We conducted ANOVAs (or WADF tests, when variance heterogeneity was observed) comparing responders, nonresponders, and controls on 3 additional thyrotropin measures during SD (thyrotropin-α, thyrotropin-β, and the ratio of thyrotropin-β to thyrotropin-α [thyrotropin-β/thyrotropin-α]). For brevity, we report only the group × sex analyses. We set the critical α level for each effect to .05/3 = .0167, where 3 is the number of thyrotropin measures. We also tested for between-group differences in thyrotropin measures at follow-up. One-way between-group tests were performed because data from only 4 nonresponders were available. We conducted a group × sex × time ANOVA on nocturnal serum cortisol during SD. As was true of the primary dependent measures, resampling analyses (bootstrapping and/or permutation tests) of each of these supplementary measures produced results and conclusions that were identical to those of the normal-theory WADF tests and ANOVAs. For brevity, we present only the latter results.

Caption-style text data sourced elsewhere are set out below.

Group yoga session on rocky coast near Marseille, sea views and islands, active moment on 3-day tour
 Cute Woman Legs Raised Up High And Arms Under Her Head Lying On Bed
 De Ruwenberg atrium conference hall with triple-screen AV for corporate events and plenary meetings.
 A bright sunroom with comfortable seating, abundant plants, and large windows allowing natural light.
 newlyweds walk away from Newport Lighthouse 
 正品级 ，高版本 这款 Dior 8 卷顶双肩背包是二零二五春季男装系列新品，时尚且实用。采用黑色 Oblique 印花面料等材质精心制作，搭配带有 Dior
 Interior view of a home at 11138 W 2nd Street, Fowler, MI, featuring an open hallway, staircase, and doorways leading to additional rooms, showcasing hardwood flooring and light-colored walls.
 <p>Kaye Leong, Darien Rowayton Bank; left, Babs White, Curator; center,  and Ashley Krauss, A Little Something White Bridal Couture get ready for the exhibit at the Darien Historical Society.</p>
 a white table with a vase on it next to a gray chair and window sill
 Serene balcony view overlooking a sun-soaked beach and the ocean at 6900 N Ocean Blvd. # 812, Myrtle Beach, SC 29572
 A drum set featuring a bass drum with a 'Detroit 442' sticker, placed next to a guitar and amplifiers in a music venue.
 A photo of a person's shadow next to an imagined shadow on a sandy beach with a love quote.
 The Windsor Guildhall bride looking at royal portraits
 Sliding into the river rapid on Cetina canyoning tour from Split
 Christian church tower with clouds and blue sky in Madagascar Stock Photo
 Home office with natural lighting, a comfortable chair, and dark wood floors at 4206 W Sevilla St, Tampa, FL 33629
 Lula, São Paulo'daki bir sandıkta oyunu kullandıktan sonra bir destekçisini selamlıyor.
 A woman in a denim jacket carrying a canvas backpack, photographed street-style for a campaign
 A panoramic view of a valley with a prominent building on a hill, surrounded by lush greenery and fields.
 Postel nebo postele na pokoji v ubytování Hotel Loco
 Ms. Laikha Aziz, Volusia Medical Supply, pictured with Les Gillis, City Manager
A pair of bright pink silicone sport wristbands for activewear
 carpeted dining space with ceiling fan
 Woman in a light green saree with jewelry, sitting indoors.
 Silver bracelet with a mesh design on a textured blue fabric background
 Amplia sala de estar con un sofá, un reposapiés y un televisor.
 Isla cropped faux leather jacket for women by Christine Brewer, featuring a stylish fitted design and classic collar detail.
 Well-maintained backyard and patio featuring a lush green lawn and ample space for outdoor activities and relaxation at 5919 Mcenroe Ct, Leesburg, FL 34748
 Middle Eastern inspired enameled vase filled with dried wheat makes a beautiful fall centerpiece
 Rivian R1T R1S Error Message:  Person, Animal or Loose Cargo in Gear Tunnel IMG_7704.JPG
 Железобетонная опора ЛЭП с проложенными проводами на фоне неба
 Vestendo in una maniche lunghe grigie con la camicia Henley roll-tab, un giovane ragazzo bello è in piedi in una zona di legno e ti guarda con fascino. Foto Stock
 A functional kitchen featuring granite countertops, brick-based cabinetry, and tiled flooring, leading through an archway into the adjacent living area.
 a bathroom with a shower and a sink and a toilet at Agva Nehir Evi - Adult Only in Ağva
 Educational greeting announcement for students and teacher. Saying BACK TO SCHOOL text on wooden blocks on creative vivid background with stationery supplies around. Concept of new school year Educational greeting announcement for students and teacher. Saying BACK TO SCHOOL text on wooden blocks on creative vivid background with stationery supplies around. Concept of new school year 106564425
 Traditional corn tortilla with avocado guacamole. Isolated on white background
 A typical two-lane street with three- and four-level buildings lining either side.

The mean SDDRS score of all 18 patients with MDD declined by 34% (range, −7% to 78%), from 20.7 ± 5.2 (mean ± 1 SD) to 13.1 ± 5.5; that of the 10 responders, by 56% (range, 38% to 78%), from 22.2 ± 5.5 to 9.8 ± 4.0; and that of the 8 nonresponders, by 6% (range, −7% to 27%), from 18.8 ± 4.5 to 17.3 ± 4.2. The ANOVAs disclosed no differences in baseline scores between responders and nonresponders (F1,16 = 2.07; P = .17), but a decline for the whole MDD group (F1,16 = 69.96; P<.001) that was greater for responders than nonresponders (F1,16 = 43.02; P<.001).
Seven of the 10 responders and 3 of the 8 nonresponders were female (Fisher exact test, P = .34). There were no significant age differences among the responders (43.8 ± 10.0 years), nonresponders (43.2 ± 9.02 years), and controls (41.0 ± 7.44 years) (F2,25 = 0.29; P = .75).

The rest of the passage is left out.